The Border District through Northumbria couldn't have looked prettier than the morning we drove down to York. We planned to pop into York to look through the National Railway Museum. Mistake. Traffic into York was horrendous and we were trapped in a convoy that crawled at snails pace for more than an hour and a half. We abandoned any hope of making it to the museum, grabbed a quick cup of tea and fled the city as soon as possible. We spent a night with John and Corinne at Branston, just out of Lincoln. They very kindly took us out for a sumptuous meal in a delightful old manor hall converted into a luxury hotel. We would have loved to spend more time in this area.

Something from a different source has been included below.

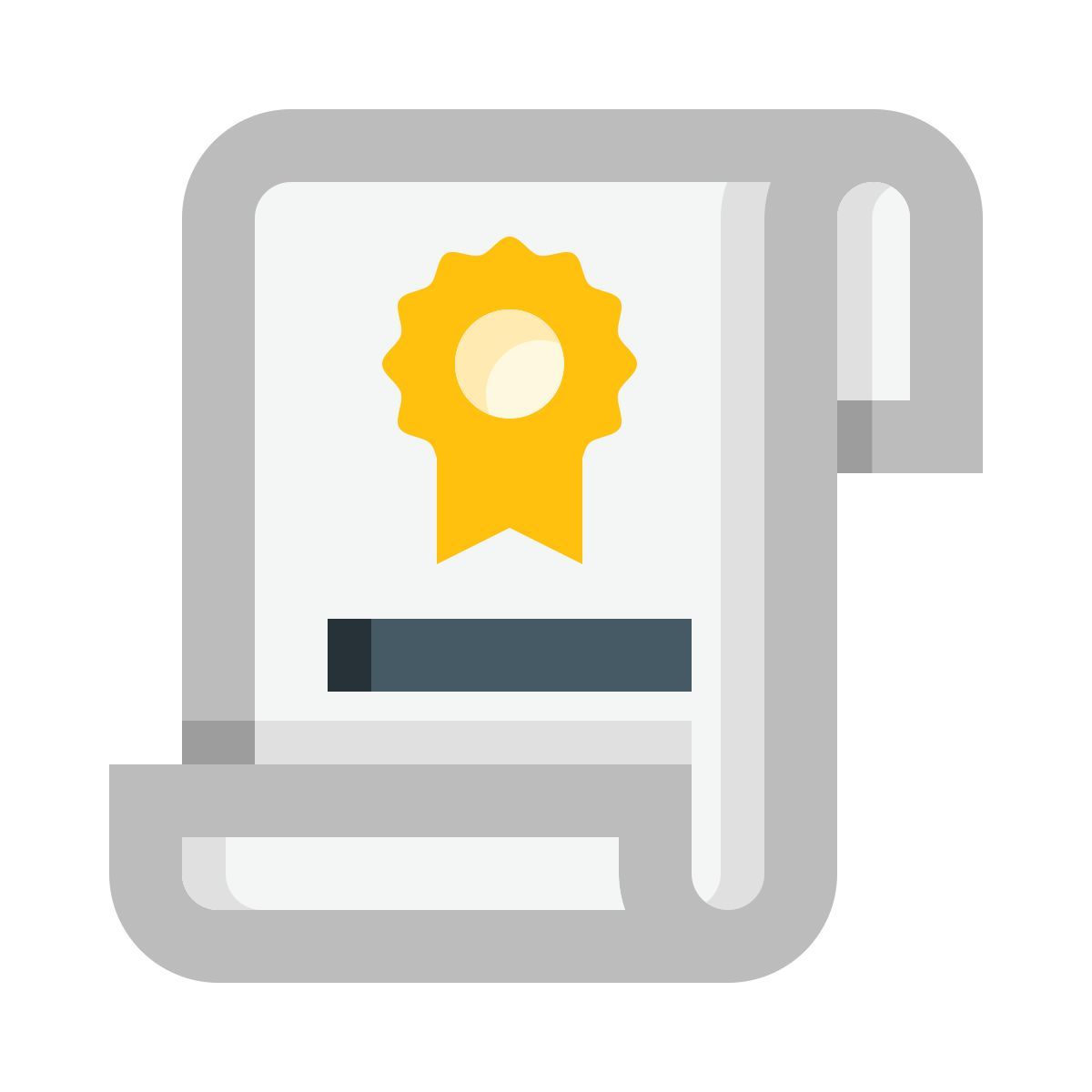 certificate icon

On to Kent where we had intended to spend a couple of weeks in Jeff and Jane's cottage while they took over Sable from Philip and Sue. However a nasty fall rendered Jeff unable to make the trip to France so we stayed only two nights as Philip and Sue were understanably reluctant to leave Sable unattended. Our reduced timeframe did not prevent us from making numerous forays around the county to see some great places: Leeds Castle, one of Henry VIII's favourite residences and luxuriously renovated by Lady Baillie in the 1920's; Rochester a quaint old fortified city on the banks of the Medway — its buildings were source of inspiration for many of Dickens' novels; Canterbury with its historic cathedral and attractive arcades of shops; Margate and Ramsgate, seaside resorts perched near the eastern-most prominitory of the UK. Ultimate highlight however was Dover Castle and the tunnels beneath it, famously used during WWII, especially as headquarters for Admiral Ramsay as he oversaw the evacuation of Dunkirk in May, 1940. We spent half a day there and would have loved to have had longer to fully take in all the site has to offer. Before our ferry sailed for Calais we took a long hike up to the top and along the crest of the "White Cliffs". The sight was stunning. The town of Dover has little going for it, then neither does Calais but we were obliged to spend a night in both. A five hour journey by train took us to Clamecy to be reunited with Sable (looking very spic and span) and a relieved Philip and Sue packed and ready to depart for Bretagne.
Since arriving back in France the weather has been exceptionally sunny and hot — every day +30oC. We headed north for a week getting as far as Vincelles which enabled us to bike into Auxerre for essential shopping. We've now turned around and are travelling up the Nivernais, eventually back to Decize and from there on to Roanne to Sable's winter mooring.